Führt dazu, dass ein Char unter dieser wirkung „eh nicht schlafen braucht und genau so gut Wache schieben kann“ statt zu sinnvollem Verhalten. Besser Regenerationszeit verdoppeln, oder mit Schäden bestrafen, wenn er nicht schläft.
– Bei Zonenwunden finde ich die Diversifizierung der Eigenschaft, auf die Wundschmerz getestet wird, unnötig; die Wunden selbst hingegen zu unbedeutend, also dass überhaupt nur bei Doppelwunde die Zone eine Rolle spielt.

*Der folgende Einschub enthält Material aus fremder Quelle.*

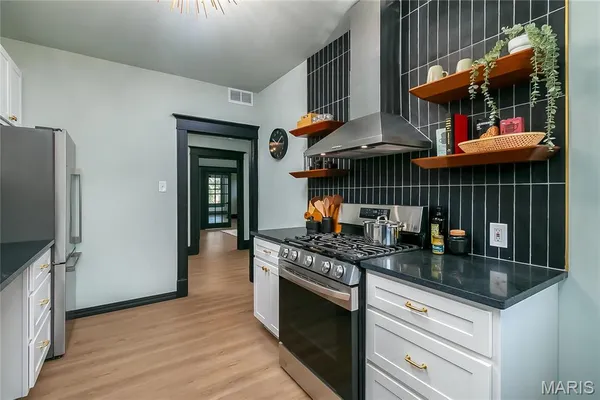 $1,199,000 | 4166 Russell Boulevard, St. Louis, MO 63110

Nach meinem Verständnis wäre Wunschmerz sowieso immer auf Zähigkeit abzulegen. Nun möchte man vielleicht nicht ein einzelnes Talent mit zu viel Kampfbedeutung überladen und nimmt stattdessen die zugrunde liegende Eigenschaft (wenn ich den Gedanken hinter KO richtig deute). Meinetwegen, wenn auch nicht ideal (KO bestimmt ja schon die WS). Aber dass ein gewandter Charakter eher mal eine Doppelwunde auf seinem wertvollen Bein wegstecken soll, finde ich unglücklich – eigentlich sollte das eher seine Schwachstelle sein.
So, und jetzt schicke ich diesen Text ab, auch wenn mir sicherlich beim weiteren Lesen noch Anderes auffallen wird.